Farming is a serious thing. And it's a family thing. Each person plays a role in a successful harvest, whether it's bringing meals to the field, cutting the wheat or hauling it to town. It takes sunshine and hot temperatures, sweat and tolerance, patience and perseverance. And it takes faith. Faith that crops survive and thrive through the elements of a sometimes harsh climate. Faith that machines will make it through the seasons. Faith to plant again, even after hail, freeze or drought steals away the hope and plans of the here and now.
I watch as the combine cuts a wide swath; the wheat heads succumbing to the sharp teeth that pull them up into the bin as an ever-growing patch
of stubble trails behind. Its belly now full, the powerful machine rolls across the stiff stalks - heads up - as the auger swings to the side. The grain is lifted through the shoot and pours into the truck's bed like golden rain, skirting into every corner. Now empty, the combine returns to the field for another round. The grain truck makes its way to the elevator while the farmer hopes for low
moisture and high bushels for his acreage.
Most years it is an exciting time. Men gather in the morning for coffee while its too wet to cut to discuss prices and problems and help one another out when someone gets behind or falls ill. Mid-day sees a flurry of activity as the monstrous machines consume the wheat and everyone gives right of way to those who provide our bread.
This year has been different. It was a difficult spring. A late freeze did major damage to the crops. Add strong winds and flooding and the results are sobering. Many of the farmers are discing their fields, burning them off and taking their losses this season. Others are cutting at 1/3 of what they normally bring. There is insurance, but it doesn't cover the hours of toil, the hopes, the dreams.

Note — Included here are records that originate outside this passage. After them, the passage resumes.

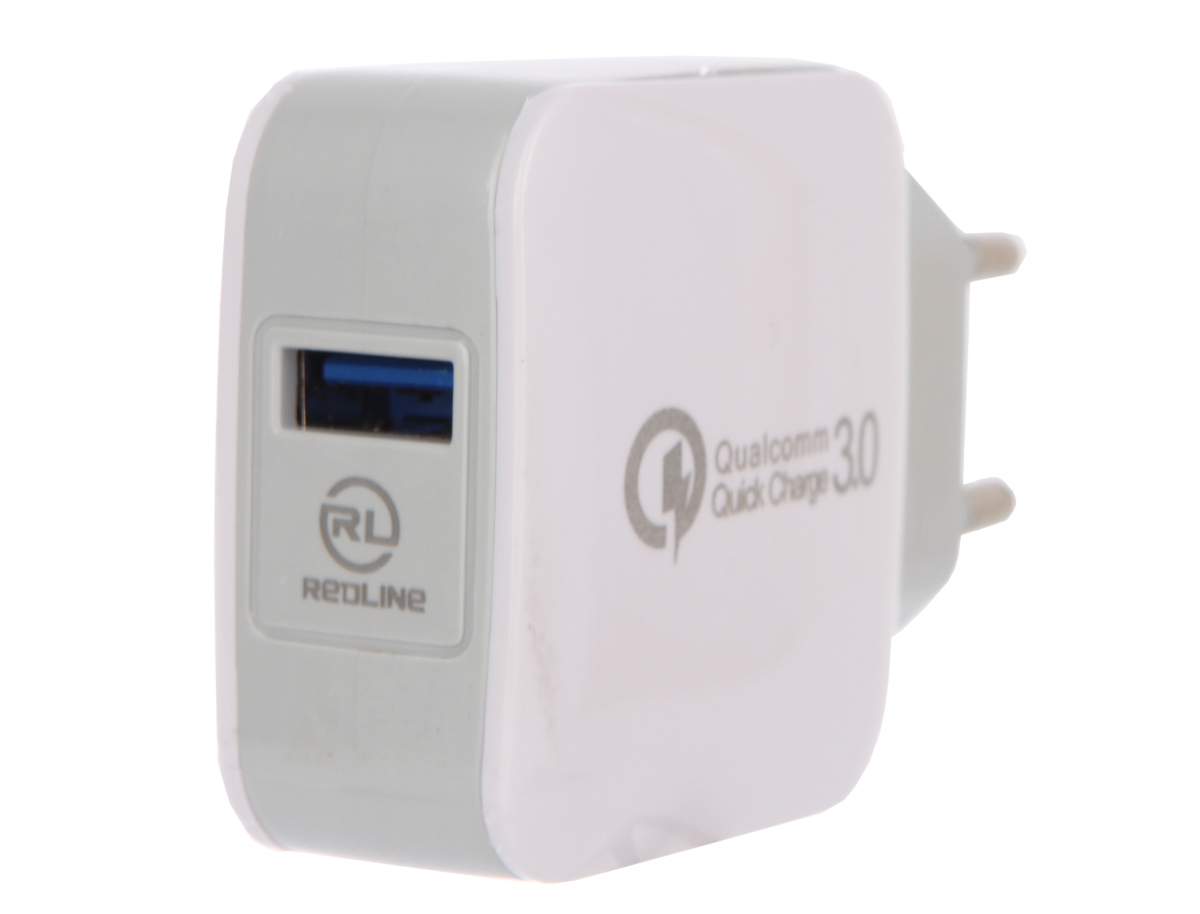 

Сетевое зарядное устройство Red Line NQC-4, 1USB, Quick Charge, 2.4A, белый (УТ000016519), NQC-4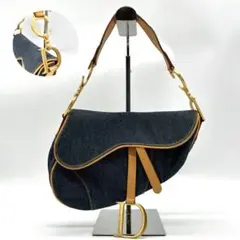 【極希少】 Christian Dior Saddle Bag CDロゴ 正規品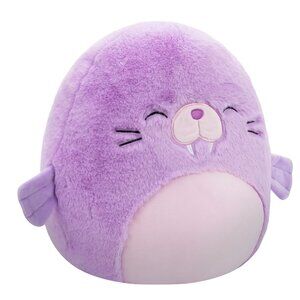 Squishmallows FuzzAMallow Official 12" WINNIE the Purple Walrus - Ultra Soft
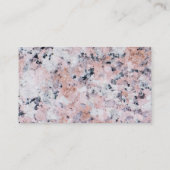 花崗岩パターン 名刺 (裏面)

It is only monetary and cannot take away discouragement or give back time.
If it were anyone else, any other job, it would be over. Terminated. I quit. But it is the American farmer; people who are stoic and strong, who may stumble at times, but always, carry on. It isn't just a job, it's their living - their life. So it has been since the pioneers walked their rows, laden with thick straps across clumsy oxen and so it shall continue. It is a right of passage, a legacy that is carried proudly from generation to generation.
The first line of the FFA Creed states it best:
"I believe in the future of agriculture, with a faith born not of words, but of deeds."
There is another generation that believes in their future of working the land and raising livestock. The faith doesn't come from lofty promises with gilt-rimmed edges, but from watching and learning from parents and grandparents and from working alongside of them. They see the reward of contribution to the world and togetherness of a family. They look ahead and believe that the days of sunshine will outweigh the days of darkness. Despite the setbacks, despite the odds, they love the land and their heritage. It is a faith not just born, but alive and filled with hope.
The American Farmer. God bless them.